[Web page caption snippets]
★ ★ ★ ★ ★
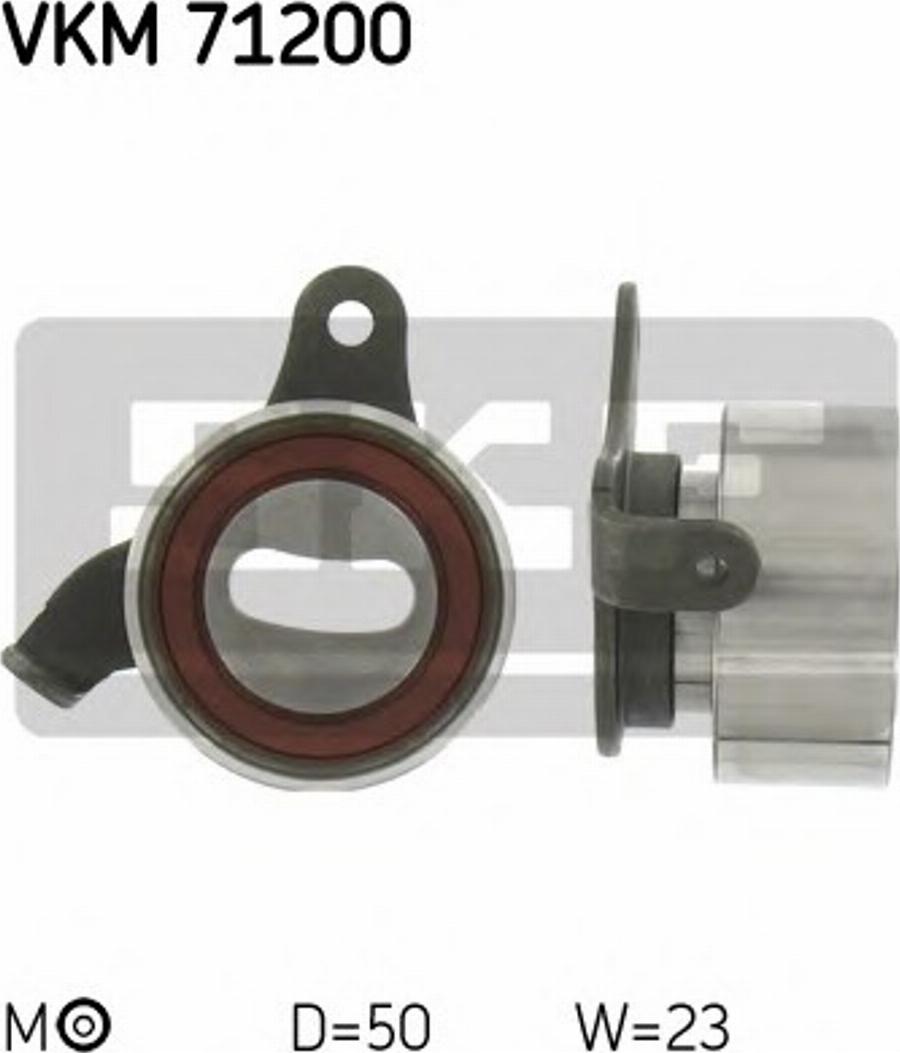 SKF VKM 71200 - Натяжной ролик, зубчатый ремень ГРМ unicars.by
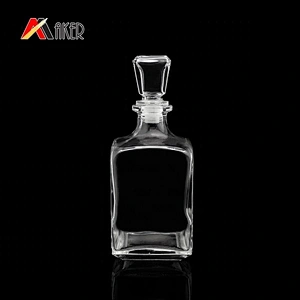 750ml wholesale glass wine Bottle unique glass liquor bottles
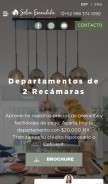 How selvaescondida.mx looks like on a mobile device such as an iPhone.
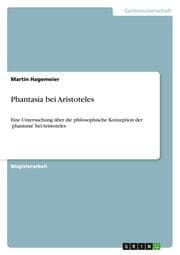 Cover von Phantasia bei Aristoteles
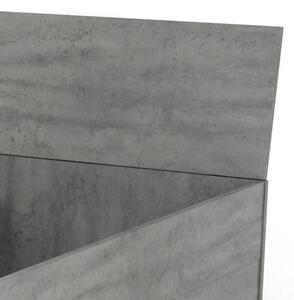 Postel se zásuvkami Carlos 140x200, šedý beton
★ ★ ★ ★ ★
Transcribe nothing but the lines from the one containing "750ml wholesale glass" through the final line of the records, exactly as written and without pictures.

- _SOLUTION TO THIS PROBLEM_
 750ml wholesale glass wine Bottle unique glass liquor bottles
 How selvaescondida.mx looks like on a mobile device such as an iPhone.
 Cover von Phantasia bei Aristoteles
 Postel se zásuvkami Carlos 140x200, šedý beton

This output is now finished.